A source close to the US intelligence community says that signals intelligence on Rauf, taken from phone intercepts and eavesdropping devices, has been discovered since his apparent death.

The reports that he is dead came out at a time when the CIA was under pressure to take out high-profile Al Qaeda operatives, our source explained. I have seen some of the information and his lawyers, who also believe he is still alive, have seen reports from Pakistani intelligence.

The problem with the strike on Rauf is that you cannot make out from the cameras that tracked the air strike whether or not he was hit. This took place at night, in a building where it is impossible to tell who is inside.

The timing of this strike is crucial.
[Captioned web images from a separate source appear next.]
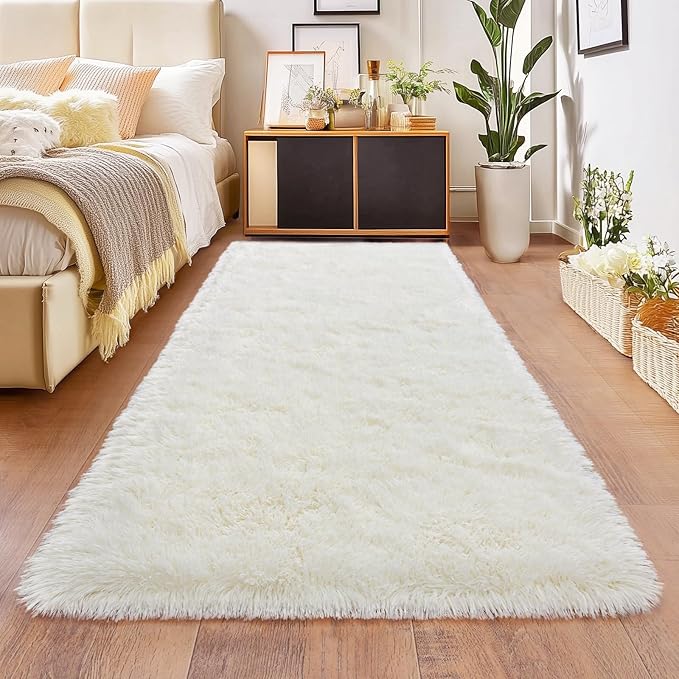 Cream White Runner Rug for Hallway, Bedroom Bedside Plush Rugs, Non Slip Fluffy Shaggy Carpet for Kids Home Decor, Dorm Nursery 2x6 Ft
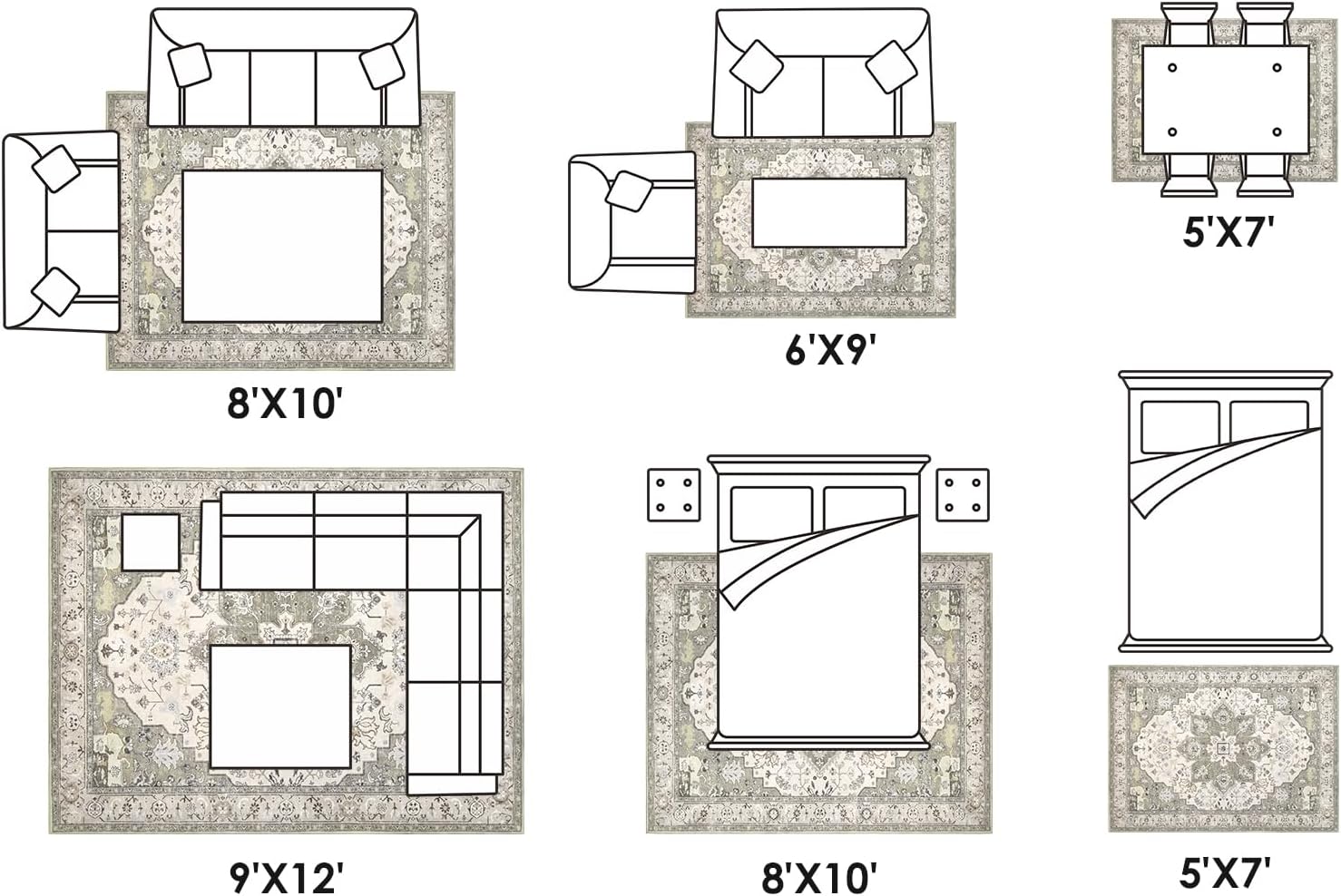 Large Area Rug for Living Room 9x12 - Vintage Machine Washable Rugs Traditional Neutral Floor Carpet Soft Low Pile Area Carpet Big Oriental Rug Stain Resistant Modern Rug for Bedroom - Grey/Beige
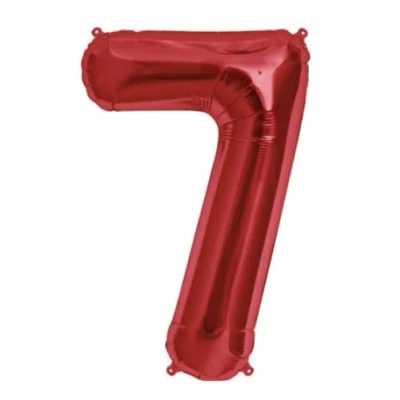 Image of Red Number 7 Foil Balloon, 101cm (2 pack)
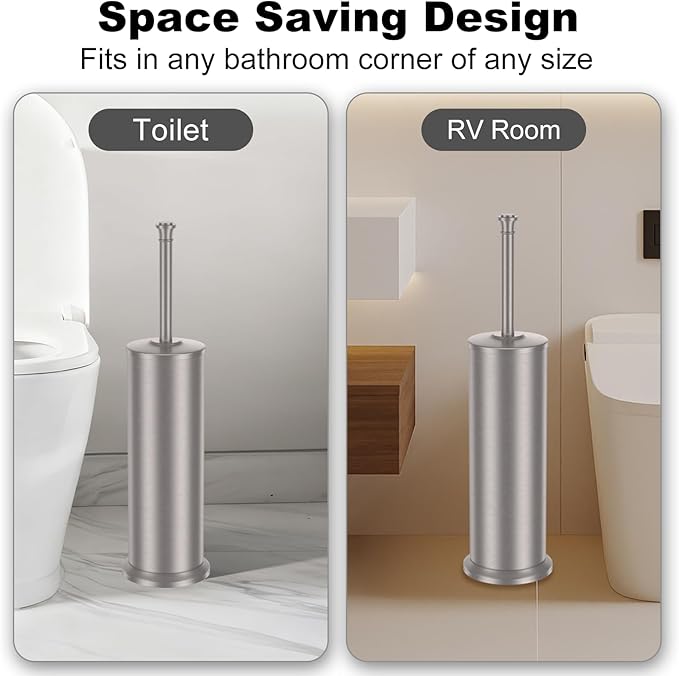 Stain Nickel Toilet Brush and Holder,Extra Long Handled Toilet Brush for Bathroom,Stainless Steel Heavy Duty Toilet Bowl Brush,Removable Inner Bowl,Deep Cleaning Dense Bristles Brush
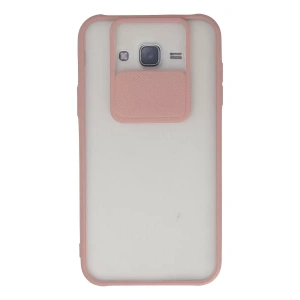 Samsung Galaxy J7 Kılıf Palm Buzlu Kamera Sürgülü Silikon - Pembe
There was a lot of pressure for these raids to make an impression.

If there was suspicion that someone was killed, they went ahead and released it to the press claiming that person was dead.

I understand that he is alive, and that the Pakistanis are hunting him.

Reports that Rauf may still be alive first emerged in April after a militant detained during a raid in Belgium claimed that he had been trained by the Brummie terror chief.

Shortly after the November strike, Raufs lawyer claimed he was still alive, and that Taliban fighters had been in touch with him.

In April, the former Washwood Heath High School student was implicated as the mastermind behind a failed plot to conduct attacks at a shopping centre in Manchester on Easter Sunday.

Rauf fled to the tribal areas of North Western Pakistan in April 2002, as West Midlands Police tried to question him over the murder of his uncle, Mohammed Saeed, in Alum Rock.

He married a relative of Maulana Masood Azhar, the notorious founder of Kashmiri terror group Jaish-e-Mohammed, in 2003.

Intelligence reports say he took an active role in planning terror spectaculars and was the ringleader of the liquid bomb plot to blow up US-bound jets over the Atlantic Ocean.

In August 2006, as spooks were monitoring the airline bomb plot, Rauf, who was under surveillance by British, Pakistani and American secret services, was arrested on the instruction of the CIA, forcing MI5 to arrest the London-based fanatics who were due to carry out the attack.

Although charges over the transatlantic plot were later dropped against Rauf, the CIA continued to track his activities and he was held by Pakistani police as detectives in Birmingham sought his extradition over his uncles murder.

But in December 2007 Rauf gave guards the slip after a hearing and fled back to the lawless tribal regions of North Western Pakistan.